Всю дорогу, поднимаясь, вспоминал свою жизнь в Лапландском заповеднике, свое путешествие на Камчатку, подъем на Авачинскую сопку и спуск вниз. То, что, казалось бы, навеки утонуло в глубинах памяти, вдруг всплыло с немыслимой яркостью. Какая жалость, что тогда я не вел дневник с другой стороны, какая была бы это журналистская чухня. Дневниковые записи хороши, когда они окутаны временным фоном, когда выработан стиль и уже вызрело мировоззрение. Мое поколение, выросшее без христианской морали и с заменившими их приблизительными социальными знаниями, зрело и выкристаллизовывалось особенно медленно. Во время этого подъема я вспомнил и как карабкался — на сопках уже лежал снег — на гору возле Мончегорска, как двое суток шел по просекам по картам, данными мне покойным Валерой Безродным. Удивительно ярко помню и его, и наше путешествие с ним по Печоре. Воистину каждый человек жив до тех пор, пока жив последний носитель памяти о нем. Вспомнил я ночь на кордоне под Мончегорском, в избе полной начальствующих рыбаков. Но имена забылись. Неужели ни чего не осталось? Надо покопаться в своих записных книжках.
Опять, поднимаясь, когда с каждым шагом подъема расширялся кругозор, вспомнил Юру Визбора. Это его география. Но это и география романа и фильма Юры Скопа. Первый рудник, второй рудник, белеет вдали станция Апатиты и выросший вокруг нее город. Плато Росвумчорр — «на плато Росвумчорр не приходит весна», песня хорошая, стихи плохие. Как Юра Визбор хотел быть еще и хорошим прозаиком! Я завидовал ему в Мурманске, в издательстве ему заказали книжку. Книжка, маленький формат, средняя толщина, вышла, а прозы — не получилось.
Поднимались чуть больше часа. С нами был Слава, товарищ и одноклассник Саши. Перевалив гору, где-то в распадке у озерца, разожгли костерок, пожарили колбаски, которые принес Слава. По горизонту расставлены трубы котельных, многие не дымят. Перестройка и последовавшая за нею промышленная катастрофа, дали возможность природе немножко передохнуть. Да и наш человек вдруг устремил свой взгляд в Турцию, Польшу, Норвегию, чуть отступил от природы, которая как всеобщая дотация развлекала его, была простором его геройства и добычливости.

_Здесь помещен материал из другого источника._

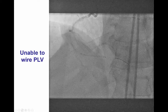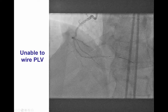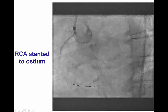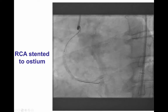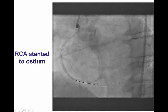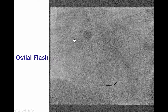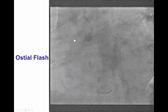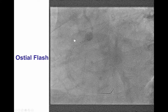At some point a decision was made to ignore the posterolateral and just stent the right coronary artery and the PDA. As a result, stents were placed all the way from the distal RCA to the ostium of the right coronary artery, and the ostium was optimized with a non-compliant balloon.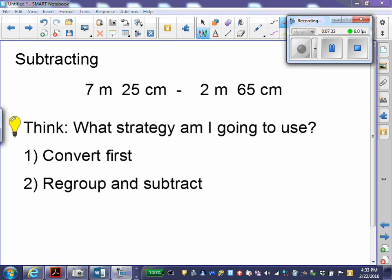Moving on to subtracting. I have 7 meters 25 centimeters minus 2 meters 65 centimeters. Think about which strategy you'll use — you can convert first, or you can regroup and subtract. Use a strategy you're comfortable with and that is efficient. You could convert first, change your meters into centimeters, then subtract, then convert back. Or you can line up your units, subtract, and regroup if necessary. I'm going to show the regrouping way first.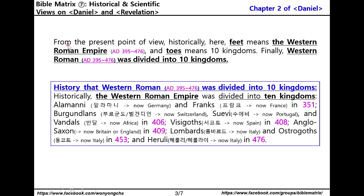From the present point of view, historically here feet means the Western Roman Empire and toes means ten kingdoms. Finally, Western Roman was divided into ten kingdoms. Please read the history that Western Roman was divided into ten kingdoms.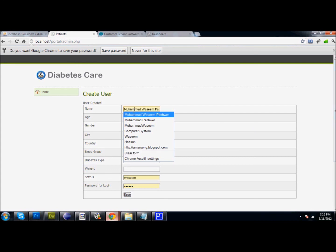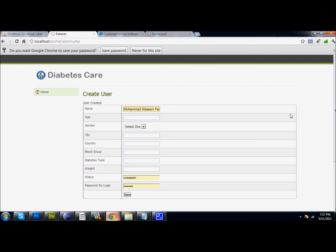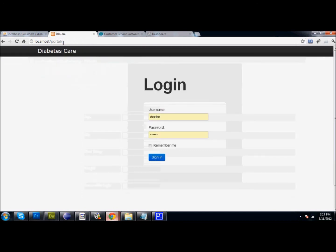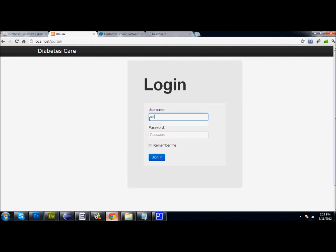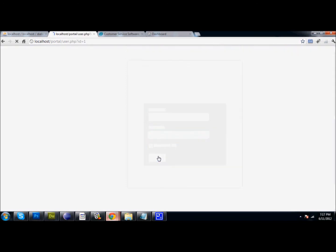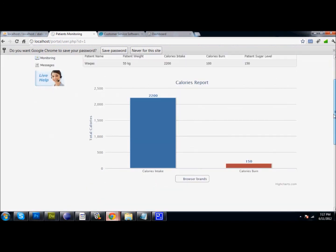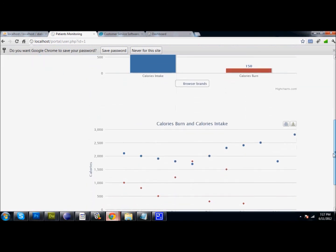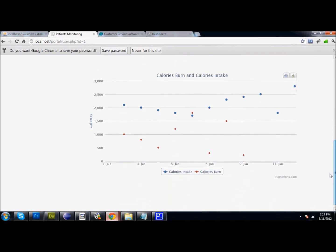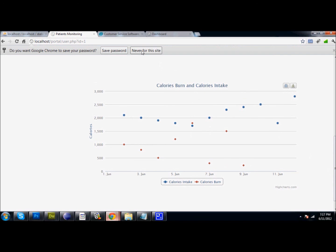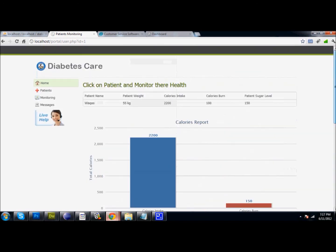The admin also enters the user's status and password for that particular person, whether they are a doctor or a patient. A patient can also log into the web application and see all their monitoring data — their calorie intake and burn history — view the chart, and that covers everything about the web application.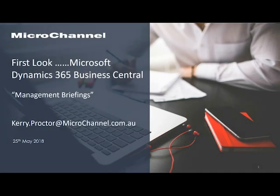Hello, my name is Kerry Proctor and welcome to a MicroChannel management briefing. These are short vids to get you up to date with the latest of what's happening in the Microsoft Dynamics world.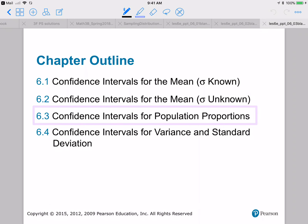Hello, we are continuing our study of confidence intervals, and now we're going to be looking at confidence intervals for population proportions. Overall, we're looking at confidence intervals as a way to give an interval estimate for population parameters. In the last two sections, we were looking at the population parameter of population mean, mu, and now we're going to look at a new parameter, which is population proportions.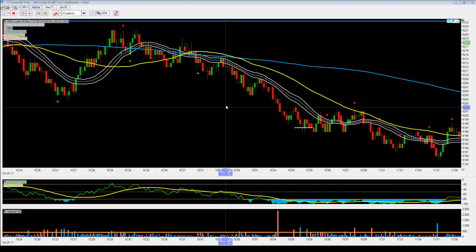Hey, Dave Knight here from 123daytrade.com. Thanks for watching. Thanks for being here. Today was October 25th, 2017. Today was the Crude Oil Inventory Report release.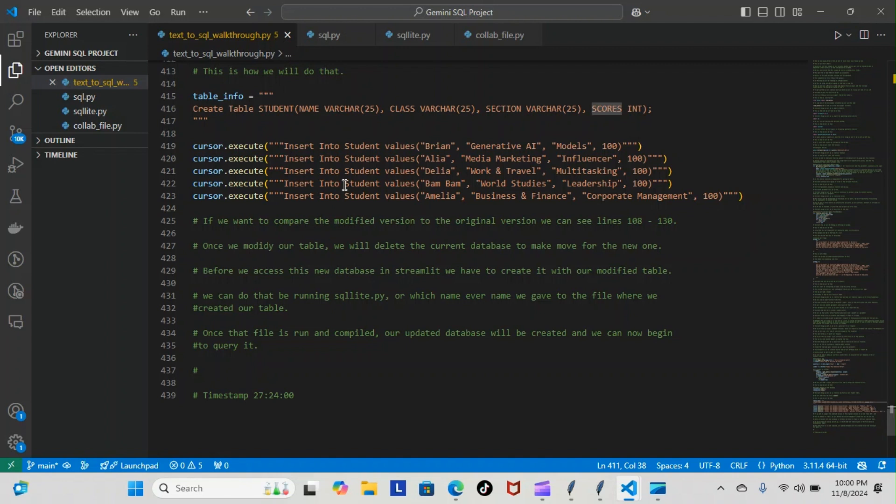This is the database we created. We started with it and then you saw how we added to our database a new table or a new field to our table in the form of scores, and then we added those scores to our respective roles.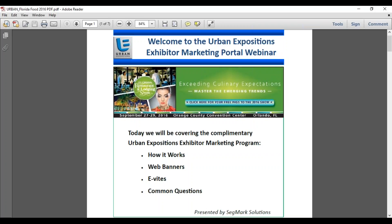The broadcast is now starting. All attendees are in listen-only mode. Good morning, everyone. How's everyone doing today? Thank you for joining us. On behalf of Urban Expositions, welcome to this exhibitor marketing webinar. My name is Kat and I'm one of your customer service representatives here at Segmark Solutions. We're here today to tell you about Urban Expositions' free show marketing program.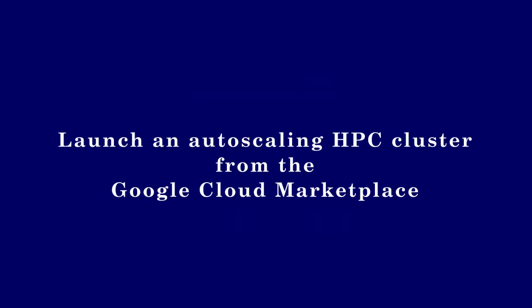In this tutorial, you will learn how to deploy an auto-scaling HPC cluster from the marketplace on Google Cloud Platform.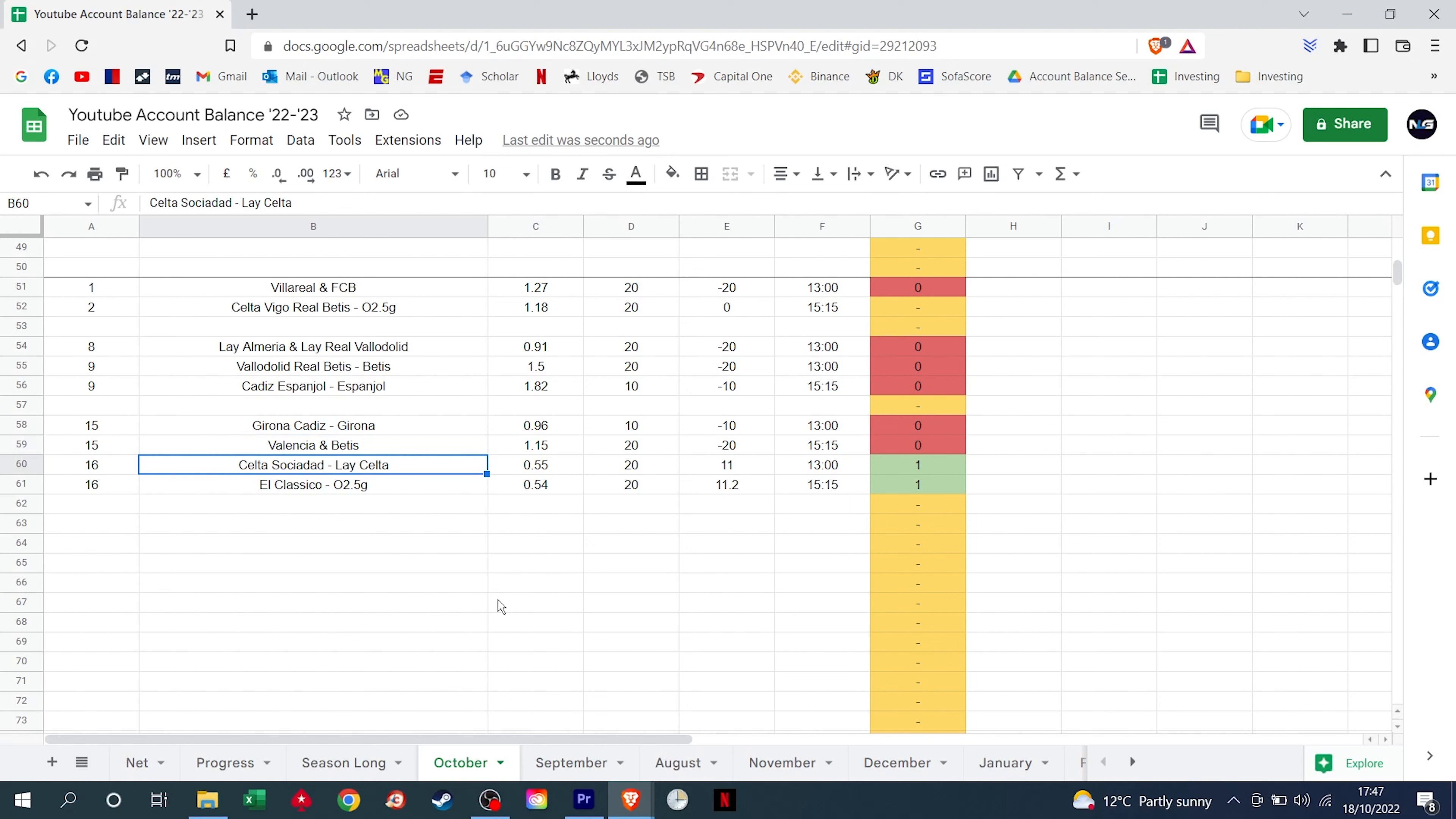We did lay Celta Vigo against Sociedad and despite Sociedad passing the ball through to Aspas to score, we managed to pick up a 2-1 win there, which means we were paid out our £11 and got our first win of the month of October in Spain. We continued our good form, we took El Clasico over 2.5, the game finished 3-1, we picked up another £11.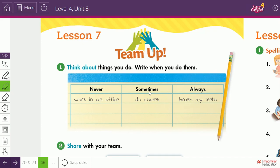What I want you to do here is choose three of your activities and write them in 'never,' then write three activities that you do sometimes, and three activities that you always do regularly or daily.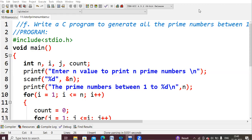In this video we are trying to generate all the prime numbers between 1 to n. N is a value which will be given by the user. If you give n value as 10, it should print the prime numbers between 1 to 10; if you give 20, it should print the prime numbers from 1 to 20.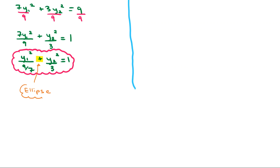So, that would be our conic section, the type of conic section, and that would be the equation for it in its rotated coordinates. All right, and that's how we do that part of the problem. If you have any questions about this video, let me know. Otherwise, we've got one more video for this solution, and we'll be done with it. Thank you.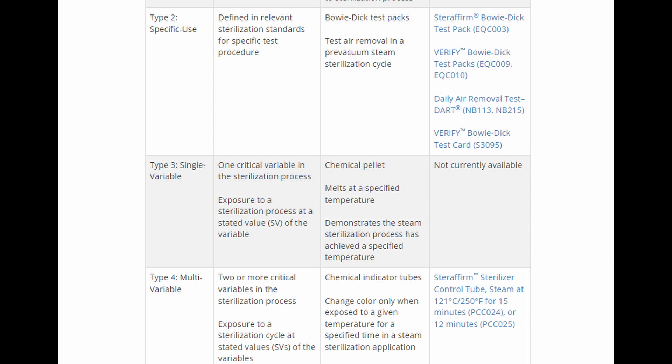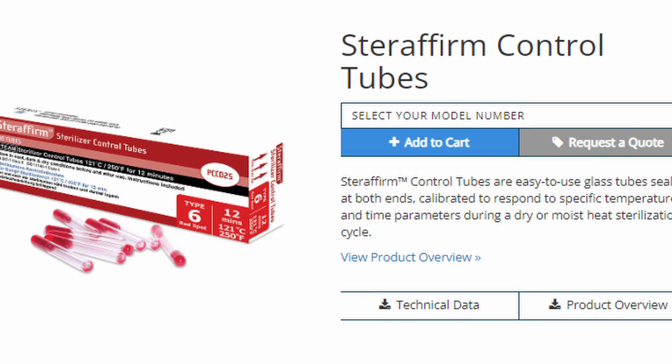Now that brings us to Type 3 and Type 4 indicators. Type 3 indicators are not very popular in the market — they basically provide one cycle parameter verification, so it might tell you that it reached the proper temperature or the proper time, but it only gives you one. Type 4, on the other hand, will give you multiple variables like time and temperature. You won't find many Type 3 on the market — even in 3M's diagram, they don't sell a product in the Type 3 class. Here is an example of a Type 4 indicator from 3M called Sterifirm Control Tubes — it validates time and temperature, covering two parameters.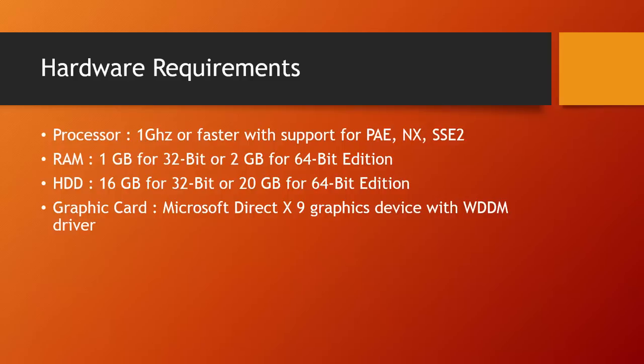For a 32-bit edition of Windows 10, you need a minimum of 16 Gigabytes of hard disk drive space, or 20 Gigabytes for 64-bit edition. If you want to install and try more applications inside Windows 10, then you should consider the space accordingly.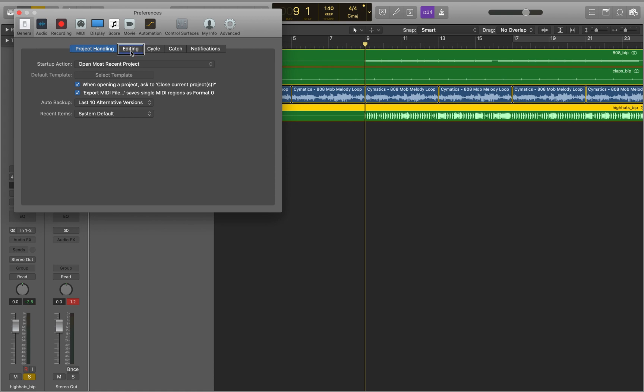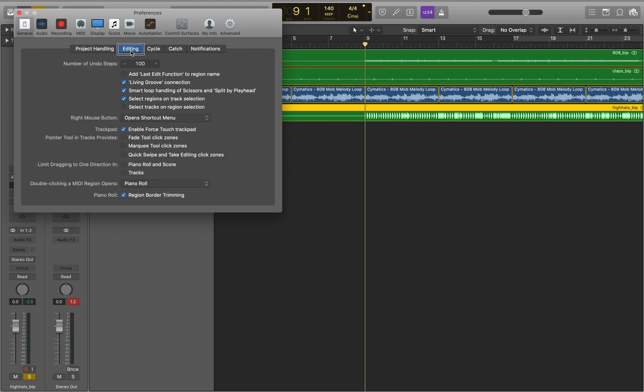Project Handling Selected Tab, Editing Tab 2 of 5. Press Editing Selected Tab 2 of 5. And I'm going to keep navigating through here with the right arrow. Cycle Tab 3 of 5, Catch Tab 4 of 5, Notifications Tab 5 of 5, Number of Undoed Tabs.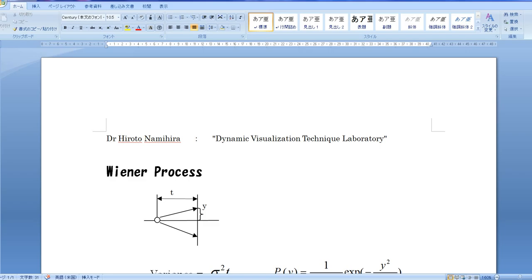This is Dr. Hiroto Namihira of Dynamic Visualization Technique Laboratory, presenting about the Wiener Process. The Wiener Process is a movement developing along with time, which has the following properties.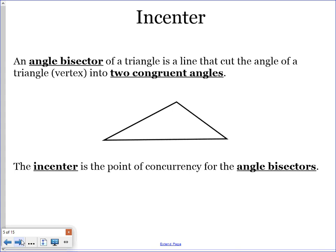Now looking at the incenter. An angle bisector of a triangle is a line that cuts the angle at a vertex into two congruent angles — we've talked about angle bisectors before. We're going to eyeball it rather than use a protractor or compass, just giving a rough idea of what an angle bisector looks like, trying to make the two angles congruent. When you draw all three angle bisectors, you create the incenter.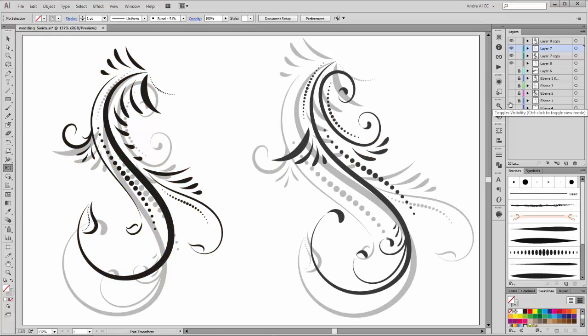Hi there, welcome to my new tutorial. My name is Andrej Krueger from Dagubi. Today I would like to show you how to create these two design elements.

Вечером вместе с Михаилом Ивановичем, Славой и Юрой — это другой одноклассник Мамая, ходили в городскую баню. В городе, в центральных районах, отключена вода. По дороге М.И. много рассказывал о городе, а когда мы вернулись и ужинали, о своей юности и прелестно играл на балалайке. Можно только удивляться силе, выносливости и незлобливости этого человека. Я впервые сожалел, что не вожу с собой кинокамеры. М.И. рассказывал, как в 15 лет в эвакуации, когда из деревни забрали последнего парня в армию, девки принесли ему в дом балалайку этого ушедшего парня и сказали: «Чтобы вечером начал играть». М.И. рассказывал о частушках и кадрили. Куда делось это здоровое и увлекательное искусство? Неужели во всем виновато только телевидение? Сейчас М.И., как он сказал, снова записался в библиотеку и берет книги по русской истории.
Завтра днем мы должны уехать.
Перед сном читаю Бенвенуто Челлини — это из библиотеки Саши — своеобразный текст, который мне всегда нравился, а сегодня после поездки во Францию приобрел новую остроту. С особым интересом я выписываю фрагмент о «Нимфе Фонтенбло». Я хорошо запомнил, как мы пили кофе возле холла на парадной лестнице, где она была установлена. Интересно как много времени сильные мира сего отдавали консультациям с художниками, несмотря на войны и государственные дела. Когда в тексте я встречал Фотана Белио, то с трудом определял, что это Фонтенбло. Стр. 310–312; ХЛ-1987.
«В полукружии я сделал женщину в красивом лежачем положении; она держала левую руку вокруг шеи оленя, каковой был одной из эмблем короля; с одного края я сделал полурельефом козуль, и некоих кабанов, и другую дичину, более низким рельефом. С другого края легавых и борзых разного рода, потому что так производит этот прекраснейший лес, где рождается источник».